Her mother was given to others by her patriarchal grandmother since she was a child, and her adoptive parents died young, leaving her alone and self-reliant, setting up stalls, chopping wood, and picking up pig feces when she was young. Maintain a living, always diligently help the neighbors to make soy sauce and run errands, hide in the house when sick and fever, and listen to other people's parents every evening, calling their children home for dinner, someone loves.
Since I was sensible, I have experienced her extreme care for my brother and sister, and I have given good things to my husband and children, but I am reluctant, hard-working, and always paying for others.
Maybe it's the experience of life that makes her seem to be afraid that others will be good to her, and others will be good to her, so she is very worried and uncomfortable, and only when she gives others peace of mind, and even has a pleasing personality.
After growing up, I was also imperceptibly influenced by my mother's personality, biased towards giving, afraid of offending others, and would rather be wronged, these thoughts have accompanied me in my life.
Of course, this does not mean that it is necessarily good or bad, everyone has their own life script, how they will interpret it, and it is also automatically and spontaneously presented.

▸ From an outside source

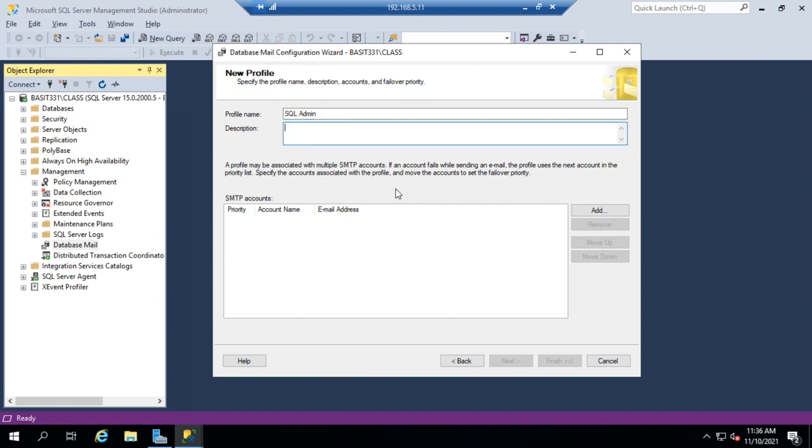I can set a description if I want, and then I can create SMTP accounts. Now you can have more than one SMTP account. And what will happen is if you've got more than one, it'll try to use the first one or the highest priority one, then it will go to the second, then the third, then the fourth.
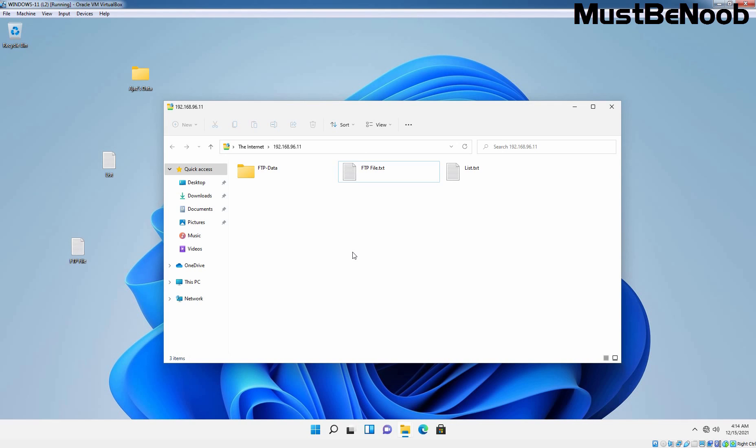This is how you can install and configure FTP service on Windows Server 2022. That's the end of this lab guide. See you all in the next lab guide. Stay tuned for more videos like this.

It's just that one day I feel that when a good person in the true sense of the word gives to others, his heart is peaceful, joyful, and he wants nothing, and his heart is not compromised, it is not distorted, and it is not contrary to his heart. When I like to do it, I will do it, but others should bear it to bear, there is no need to compromise for the recognition of others, and the harmony of the relationship, in fact, this unequal relationship state develops in the end, sometimes it is thankless, and even meet people who do not know how to be grateful and bite back, conniving at people's inertia (bad habits) cracks, and even breaking out resentment.
A person accepts the multifaceted nature of his own existence, just like the yin and yang sides of the body, the spring, summer, autumn and winter of nature, day and night, sunny days, thunder and rain. There are laughter, there are tears, this is a kind of natural, automatic spontaneous presentation, if you are bound by all kinds of beliefs, you can only do this, not like that, as long as it is good, not bad, then it is difficult to live out the true self and freedom in life, you can only condense in a certain space.
Of course, it's not the two extremes, and then we start to be indifferent and selfish, because when we become more and more selfish and indifferent, we also enter another constricted and restricted space, and we are not comfortable.
There are no absolute good people and bad people in the world, the multifaceted nature of human nature will be presented differently in different situations, to be a middle way person, to accept different aspects of yourself, when I am happy, you can give, when others have to inch in, moderately keep the bottom line to give a reminder, as long as you don't want to hurt others, just be a real and sincere person, when you are allowed to be your true self, you can allow others to be yourself, understand your own imperfections, then you also understand the person opposite.
A good person is not a wronged person, but can warm himself first, do not violate the sincere giving, do not bear the responsibility of resisting others, do not seek recognition, do not seek the so-called face, be impartial, the existence of the middle way, free and true, do not hurt others or hurt oneself, everything can be balanced.